- [WORK ITEM]:
Leaving the pictures aside, repeat every line below exactly.

- [SUPPLIED DATA]:
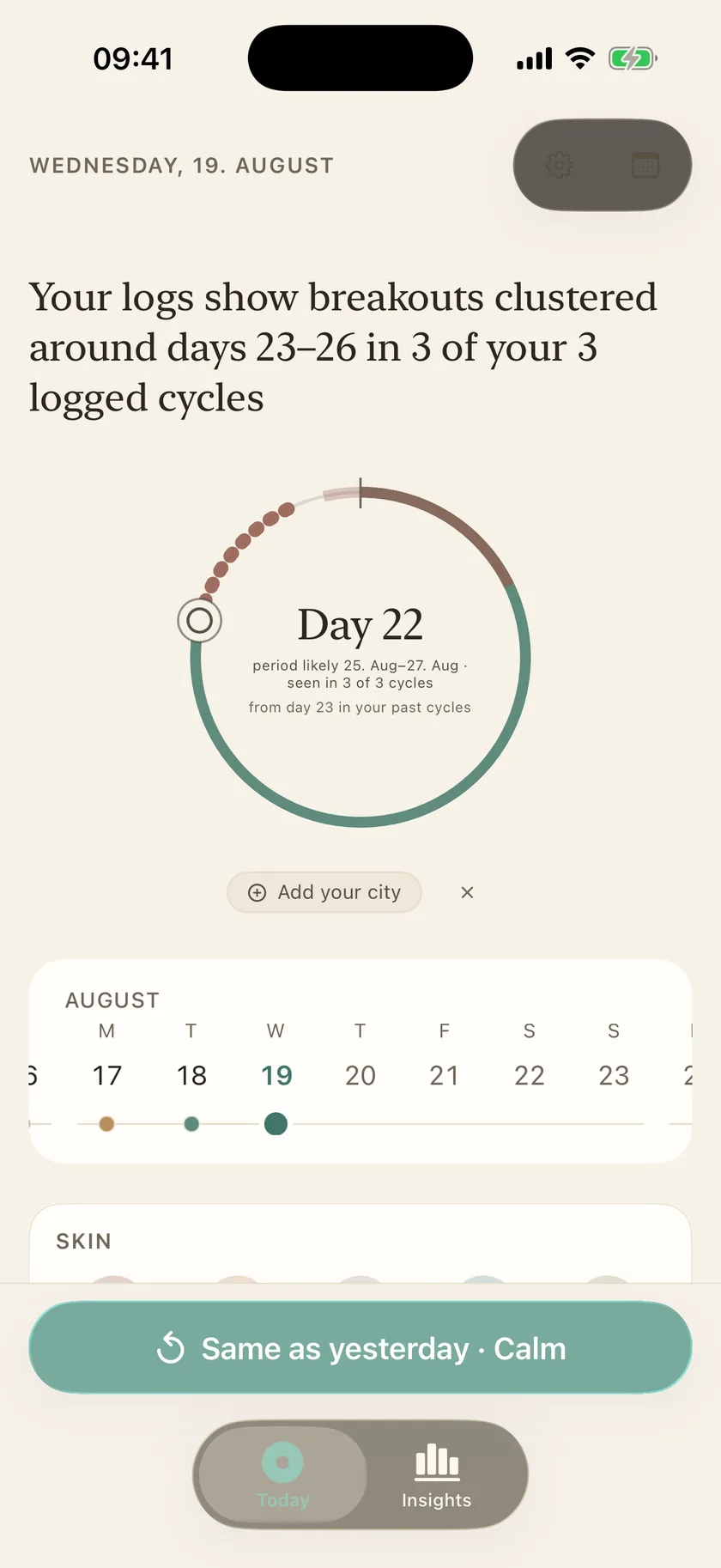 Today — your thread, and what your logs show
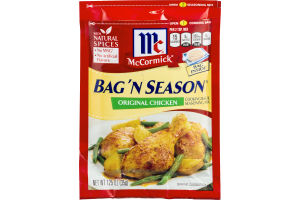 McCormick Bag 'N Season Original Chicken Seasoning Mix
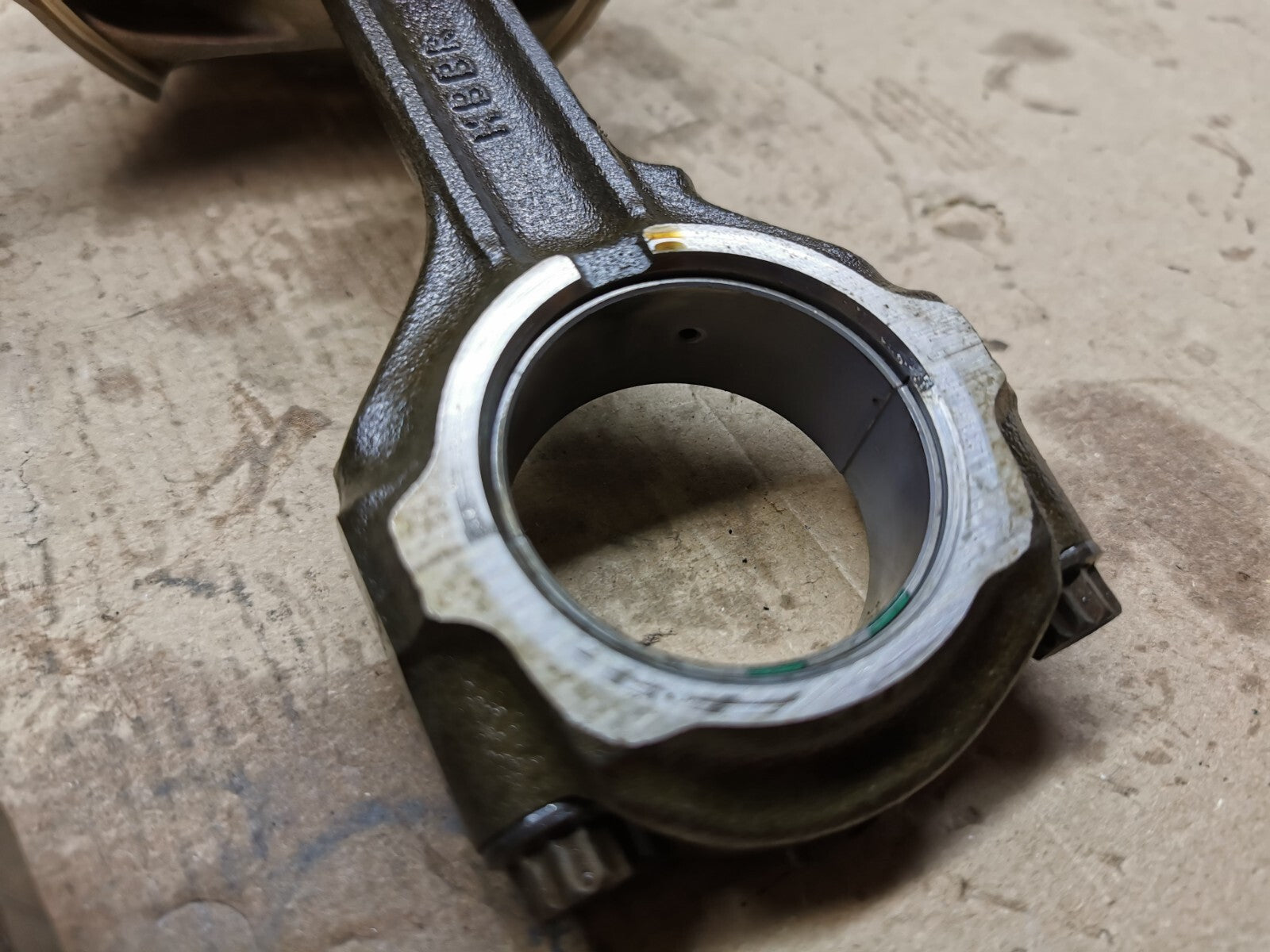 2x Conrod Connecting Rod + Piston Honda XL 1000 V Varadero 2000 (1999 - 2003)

- [RESPONSE]:
 Today — your thread, and what your logs show
 McCormick Bag 'N Season Original Chicken Seasoning Mix
 2x Conrod Connecting Rod + Piston Honda XL 1000 V Varadero 2000 (1999 - 2003)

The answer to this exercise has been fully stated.